На следующий день в Центр через Золя была отправлена радиограмма. Резидент Кент запрашивал гарантии сохранности жизни по окончанию войны для завербованного им криминального советника гауптштурмфюрера СС Хайнца Паннвица при условии, что тот передаст советскому командованию секретные документы из парижского архива гестапо. А также военнопленных зондеркоманды Ленца, Стлуки и самого Кента. Центр ответил быстро – поблагодарил Кента за проделанную работу по вербовке криминального советника гауптштурмфюрера СС и гарантировал сохранность жизни всех, кто был упомянут в радиограмме.
После таких обнадеживающих планов обстановка на улице Курсель стала еще чуть более благодушной. У всех участников заговора поднялось настроение. Но больше всех радовался Кент. Он не удержался и рассказал Маргарет, о чем они договорились с Паннвицем, даже о краже архивных документов, и о том, что теперь у них появились реальные перспективы на спокойную семейную жизнь в Советском Союзе.
– Мы обязательно должны будем поехать в твою страну? – заволновалась Маргарет.
– Там живут мои родные, я познакомлю тебя с мамой, папой, сестрой, они будут помогать нам воспитывать нашего малыша.
– Но я слышала, что там очень холодно. И что там не любят богатых… – высказала свои опасения Маргарет. Женщину явно смущала перспектива оказаться в России.

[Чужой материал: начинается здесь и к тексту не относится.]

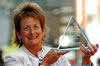 Alison holding the Secsavers Award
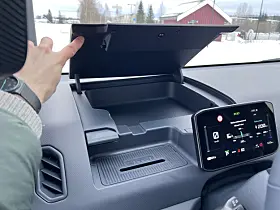 Hånd åpner oppbevaringsrom i dashbordet på Kia PV5 Cargo ved siden av infotainmentskjerm.
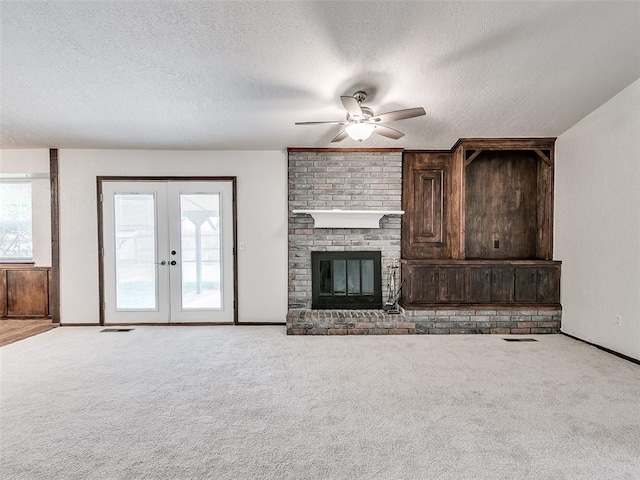 1357 W Cedarbrook Ln, Moore, OK 73170 - unfurnished living room featuring a wealth of natural light, ceiling fan, a textured ceiling, and carpet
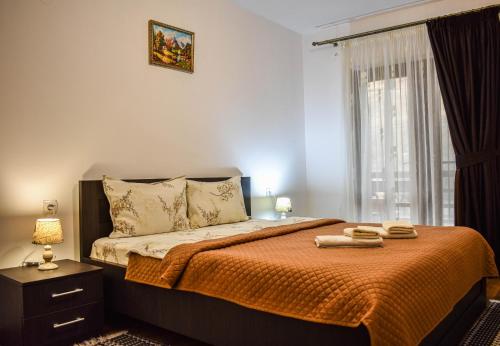 a bedroom with a bed with two towels on it at Pensiunea Bucur in Dămuc
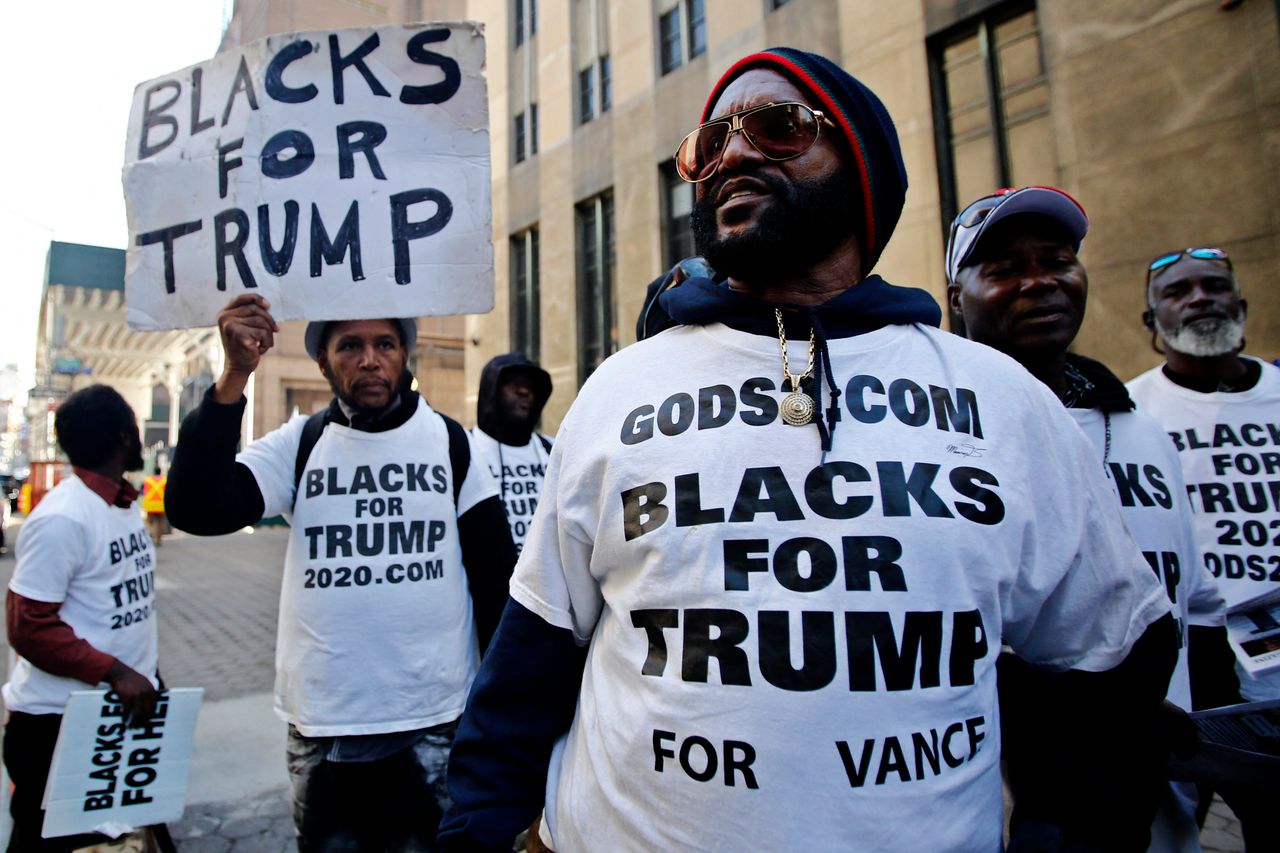A group identifying themselves as "Blacks for Trump" is seen in New York City on Tuesday.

– А мы больше и не будем богатыми, – Кент, играя словами, пытался все перевести в шутку.
– А кем мы там будем? Нищими? – беременной Маргарет было явно не до шуток.
– В Советском Союзе деньги совсем не важны, – попытался успокоить женщину Кент. – Там люди бывают счастливыми не от денег, а от любви, от дружбы, от того, что все друг другу помогают и все друг друга поддерживают.
Чем больше Кент рассказывал Маргарет про свою страну, тем больше сам сомневался, что их будущее в Советском Союзе будет безмятежным; да и сможет ли Маргарет привыкнуть к новой обстановке:
– Наверное, тебе там будет тяжело. Но ты обязательно справишься. Мы будем вместе, это самое главное!
– А как же Рене? Мы сможем взять туда Рене? – беспокоилась Маргарет.
– Конечно. Я его усыновлю. И он будет таким же советским гражданином, как его братик или сестричка.
– А ты кого больше хочешь, мальчика или девочку?
– Не знаю. Наверное, мальчика! Продолжателя рода.
– А я очень хочу дочку. Мальчик у меня уже есть, а девочки пока нет. И потом знаешь, все мужчины хотят сыновей, а любят больше дочек.
– Ладно, пусть будет дочка. Но лучше бы сын.
– А вдруг будет двойня? Что ты тогда будешь делать!
– Пусть хоть тройня! – сделал вид, что не испугался, Кент.
– А мои родители, они смогут приезжать к нам в гости? У вас же очень закрытая страна.
– После войны все изменится, – стал убеждать не столько женщину, сколько себя самого Кент. – Вместе с победой Красной армии во всех странах наступит коммунизм. Твои родители, если захотят, смогут вернуться в Прагу. Или в Бельгию. Или остаться в Америке. Мы будем приезжать к ним в гости с их внуками, и они будет навещать нас, когда захотят.
Сладостные мечты об их будущем занимали все больше места в разговорах Кента и Маргарет. Особенно по вечерам, когда они, обнявшись, засыпали. После всех этих ужасных тюрем и камер было так приятно представлять, какой прекрасной и даже восхитительной будет их будущая жизнь.
По утрам, несмотря на благостные разговоры, возвращалась тревога. Что будет с малышом, который вот-вот появится на свет? Война еще не закончилась, и как бы ни заботился о них Паннвиц, они по-прежнему находятся в гестапо, в заключении. Обиднее всего будет, если гитлеровцы разоблачат самого Паннвица. Не дай бог, его арестуют по подозрению в краже секретных документов, тогда всех участников заговора тотчас же расстреляют. Или если в Берлине вдруг кто-то все-таки догадается проконтролировать радиоигру парижской зондеркоманды с Москвой, все тоже закончится расстрелом.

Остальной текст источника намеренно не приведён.